— Source records —
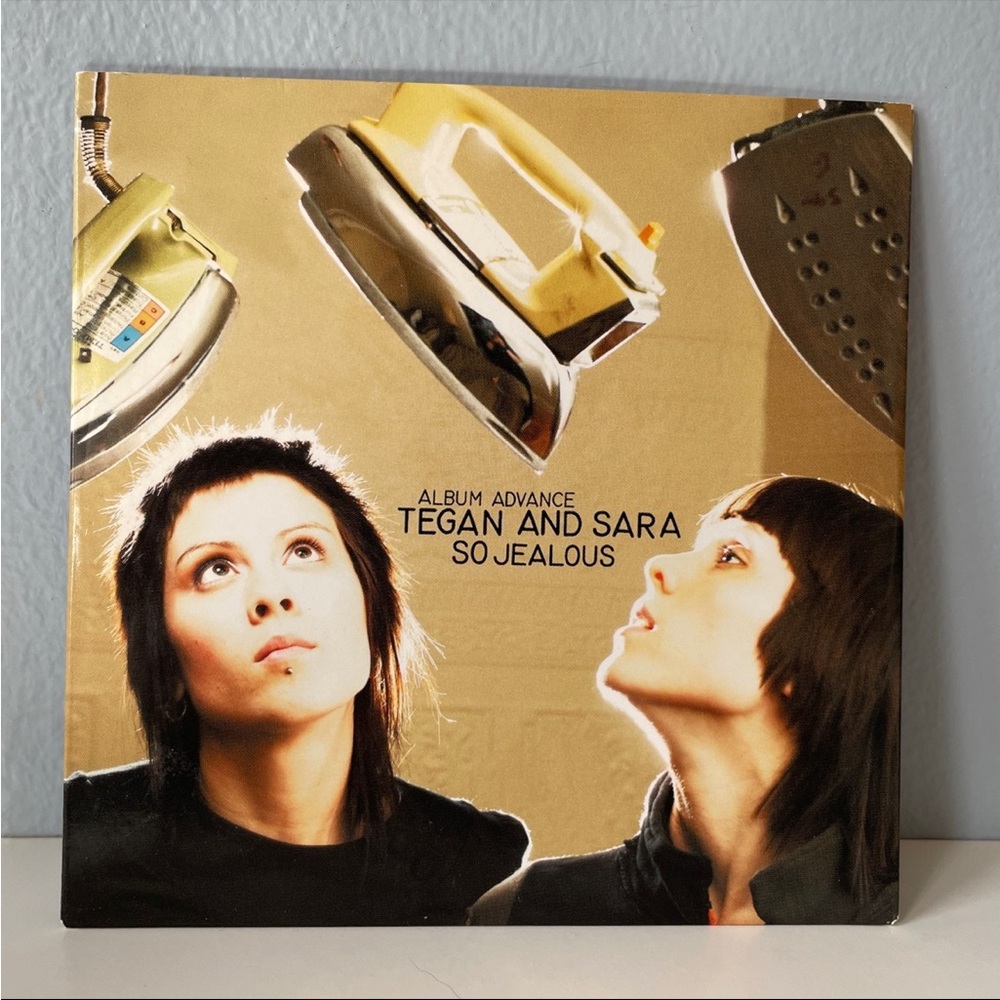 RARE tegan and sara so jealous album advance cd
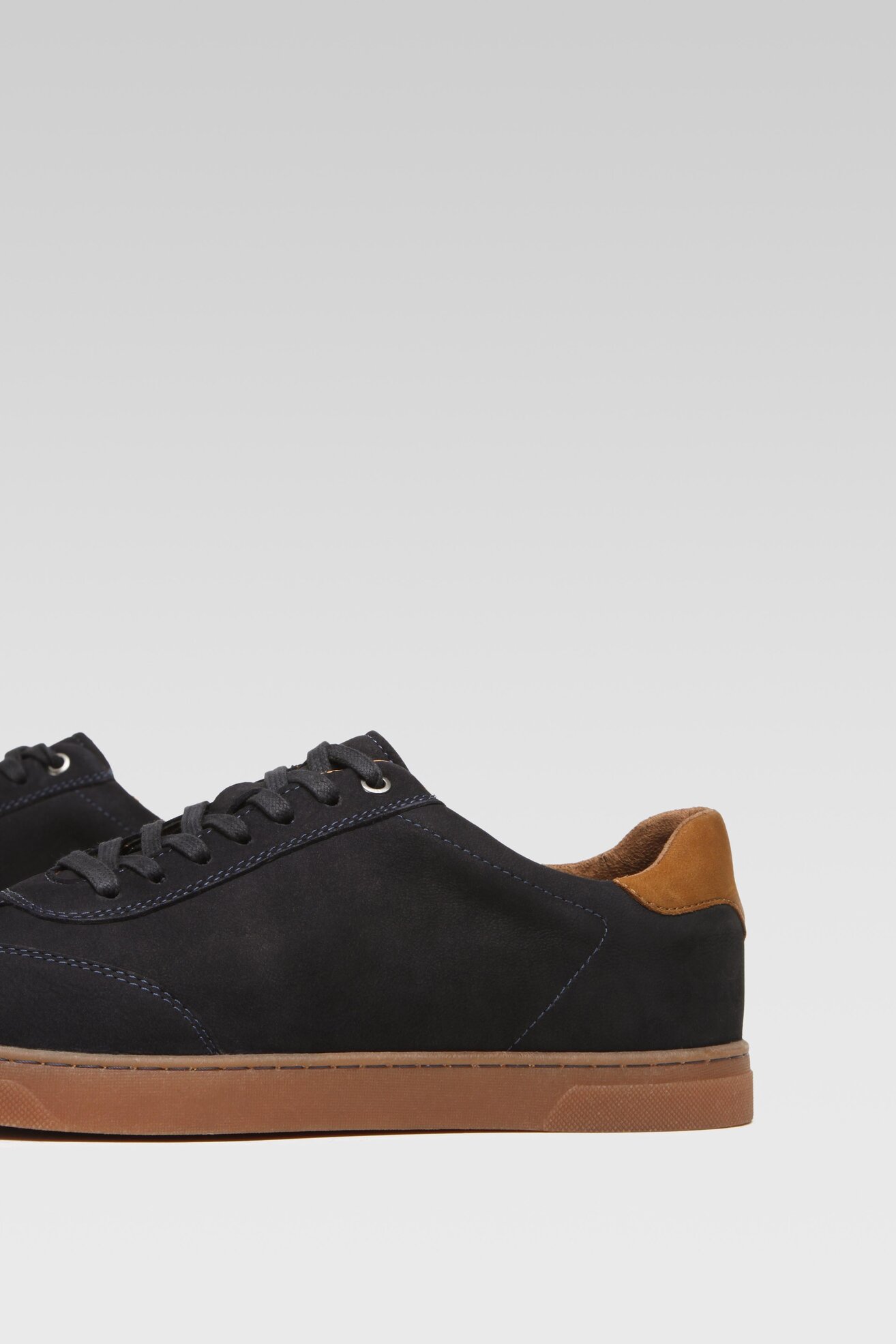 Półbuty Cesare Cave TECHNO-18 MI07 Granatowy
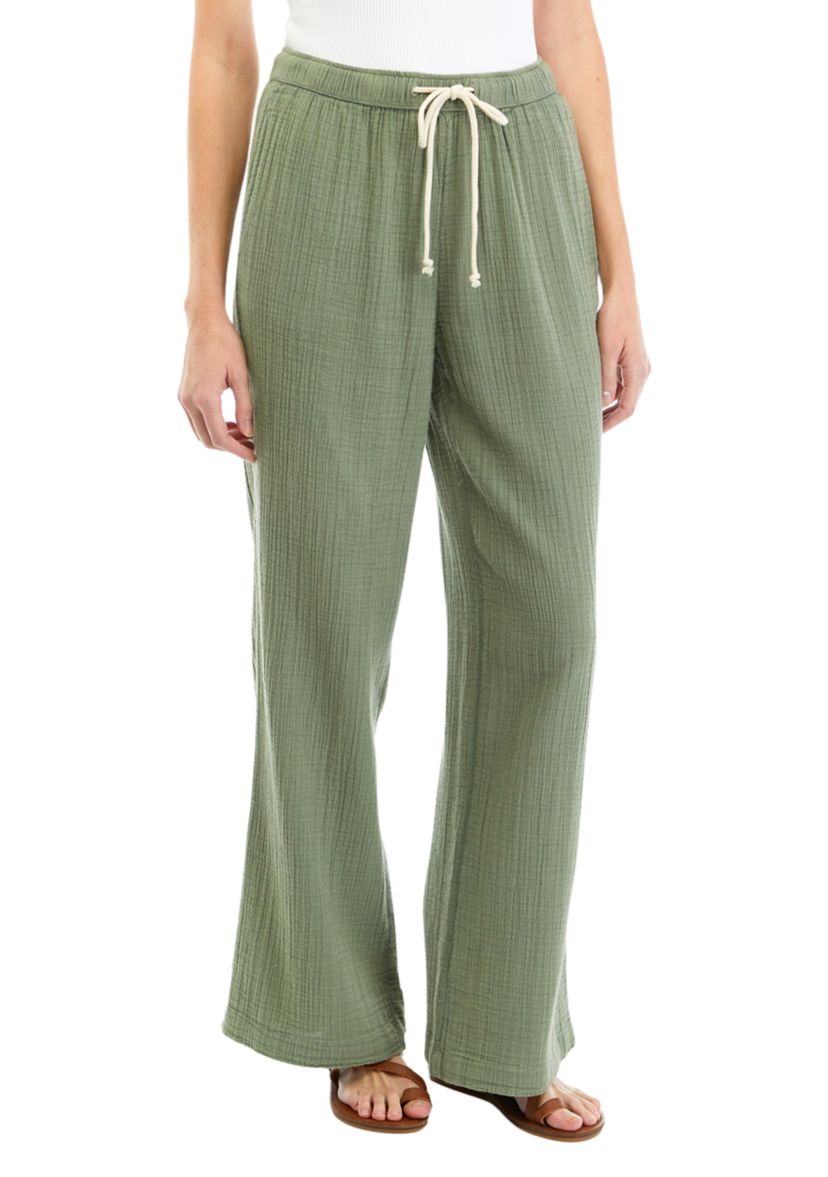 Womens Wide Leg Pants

* * *

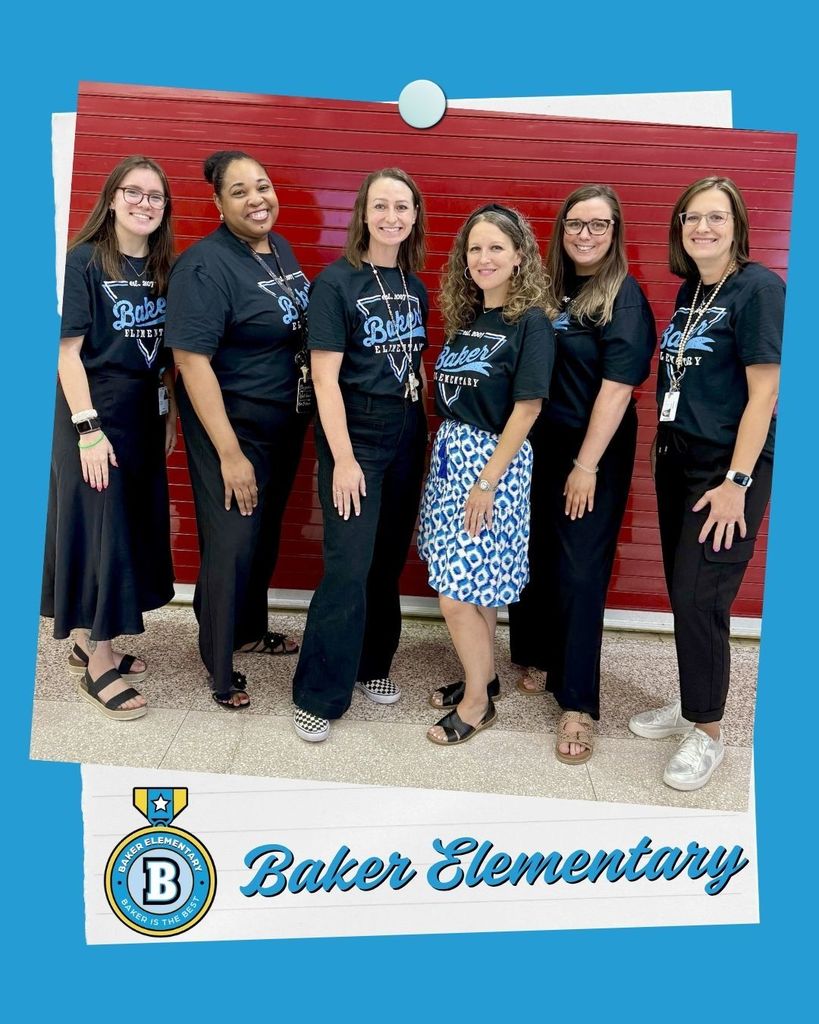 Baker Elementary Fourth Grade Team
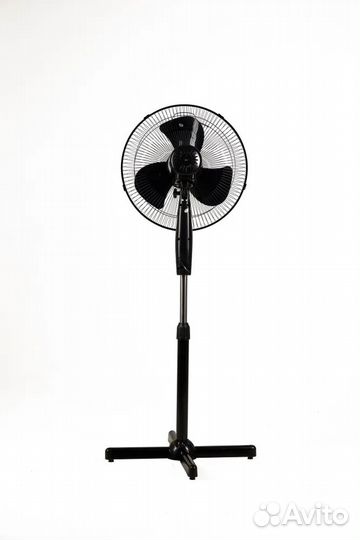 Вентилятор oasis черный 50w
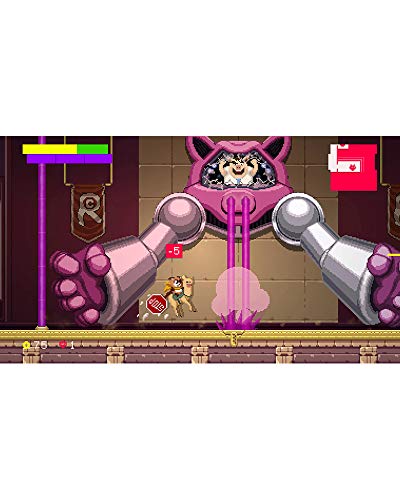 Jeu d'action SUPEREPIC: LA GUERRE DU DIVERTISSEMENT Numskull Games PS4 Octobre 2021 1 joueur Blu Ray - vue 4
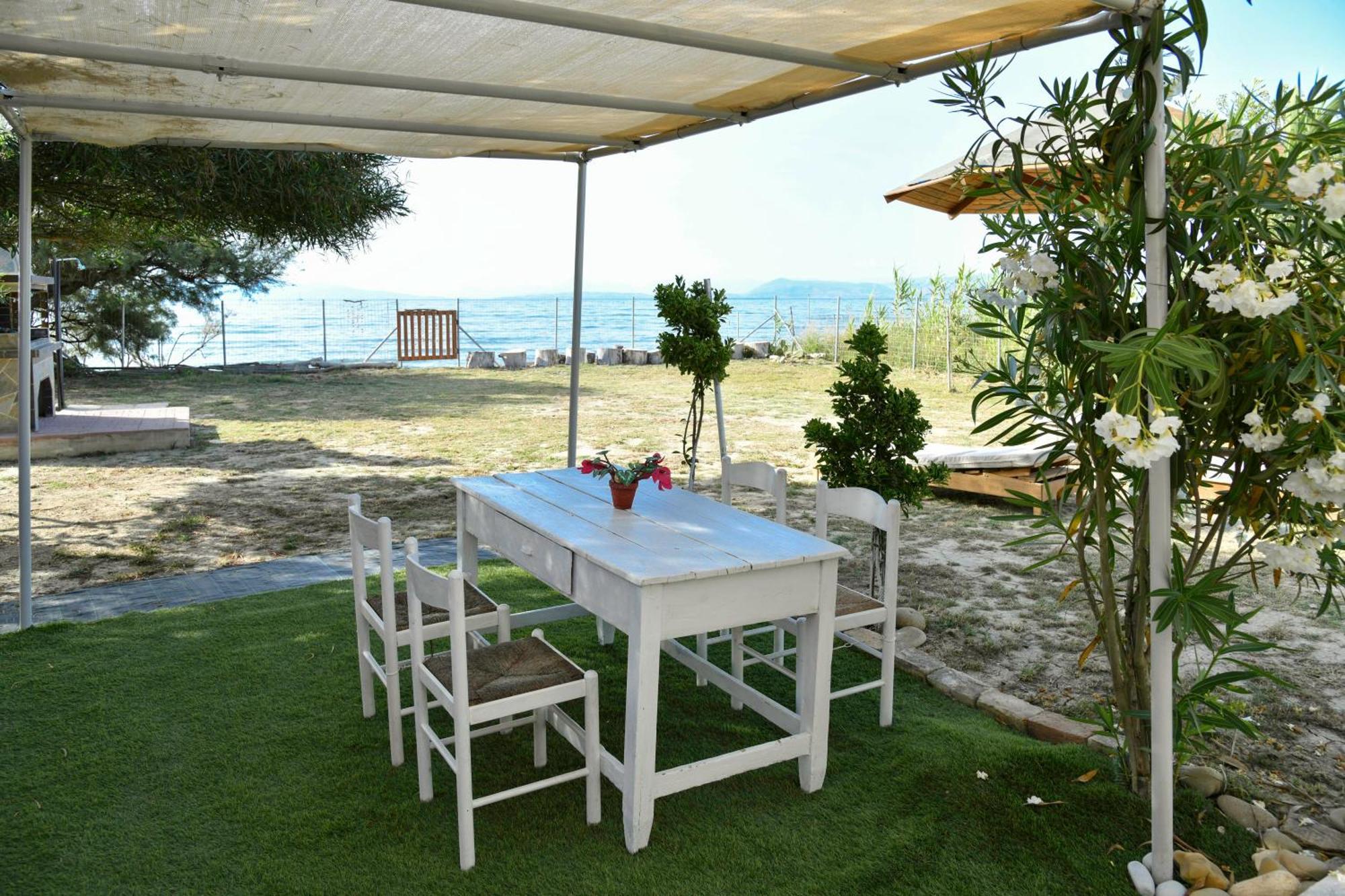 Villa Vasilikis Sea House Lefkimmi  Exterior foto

— What to work on —
Above are records with pictures. Reproduce exactly only the lines from the line with "RARE tegan and" through the line with "Womens Wide Leg Pants", both ends included, and leave the pictures out.

— Task output —
 RARE tegan and sara so jealous album advance cd
 Półbuty Cesare Cave TECHNO-18 MI07 Granatowy
 Womens Wide Leg Pants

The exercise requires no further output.